# Information shown

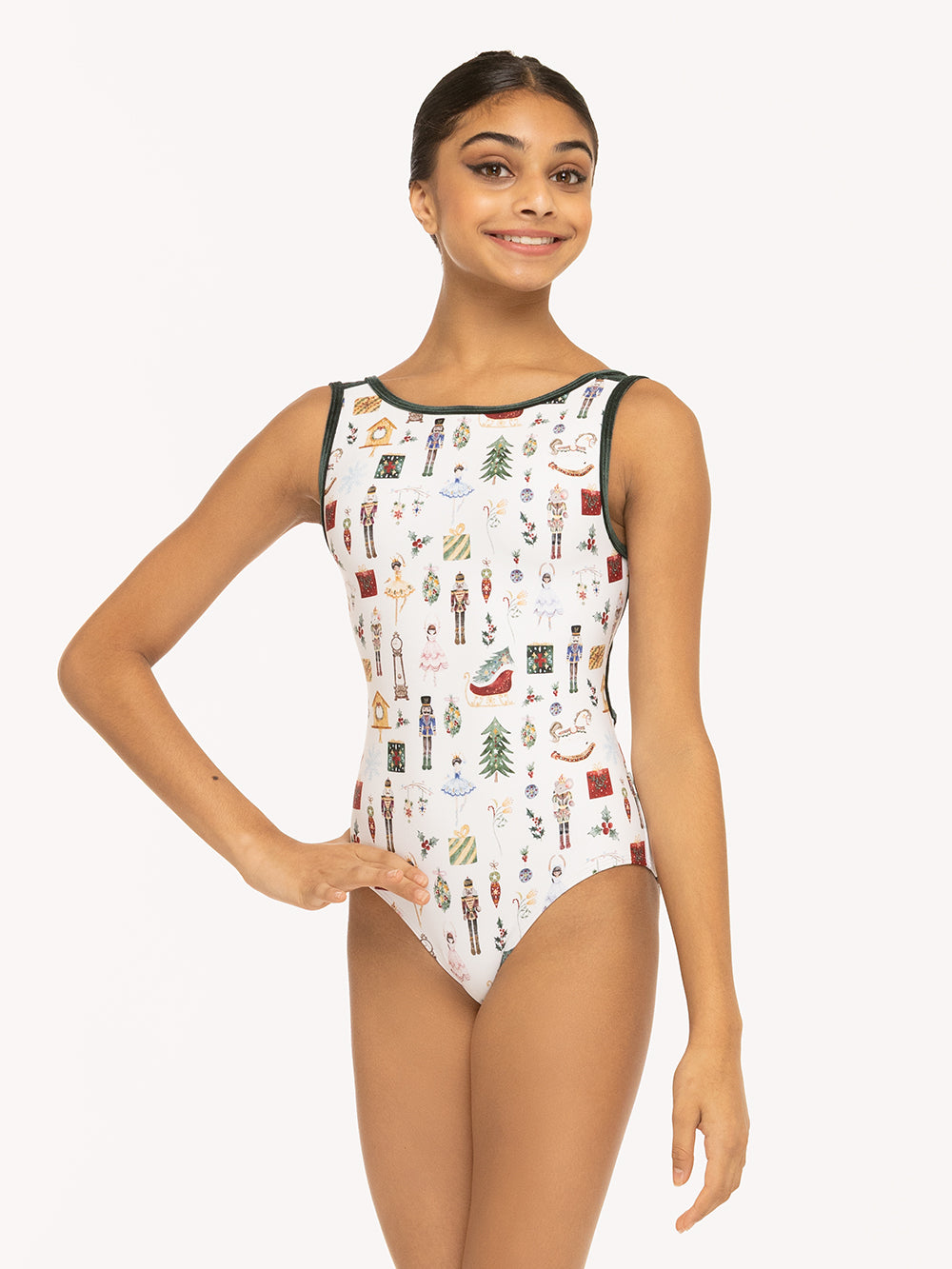 Eleve Dancewear Louise Leotard in Nutcracker Fantasy print, front view detail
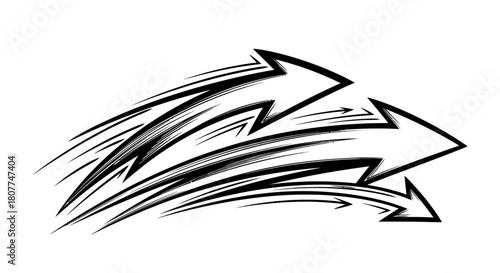 Dynamic black and white arrows with speed lines indicating motion and direction.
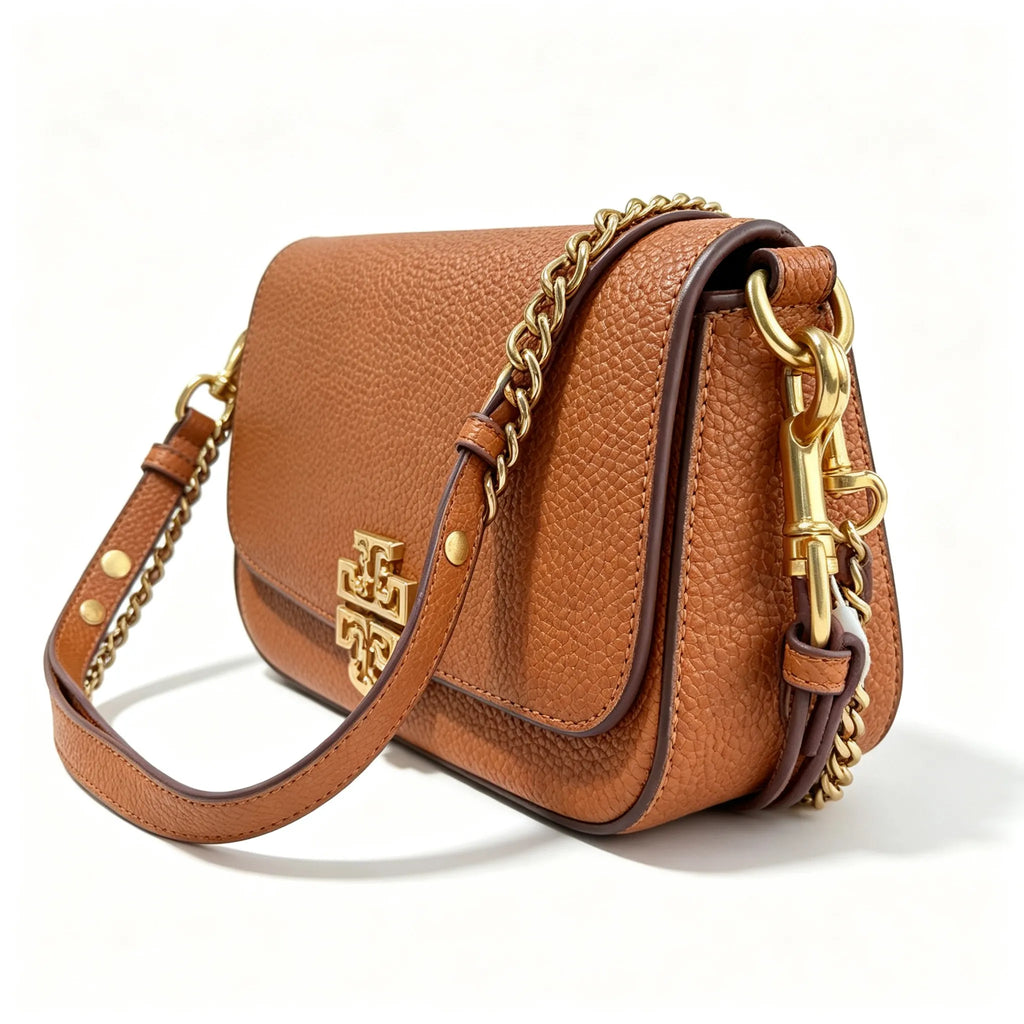 Tory Burch Britten caramel brown adjustable shoulder strap and zippered lining a small everyday bag for women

# What to do
The answer is the listing above repeated verbatim, minus its images.

# Task output
 Eleve Dancewear Louise Leotard in Nutcracker Fantasy print, front view detail
 Dynamic black and white arrows with speed lines indicating motion and direction.
 Tory Burch Britten caramel brown adjustable shoulder strap and zippered lining a small everyday bag for women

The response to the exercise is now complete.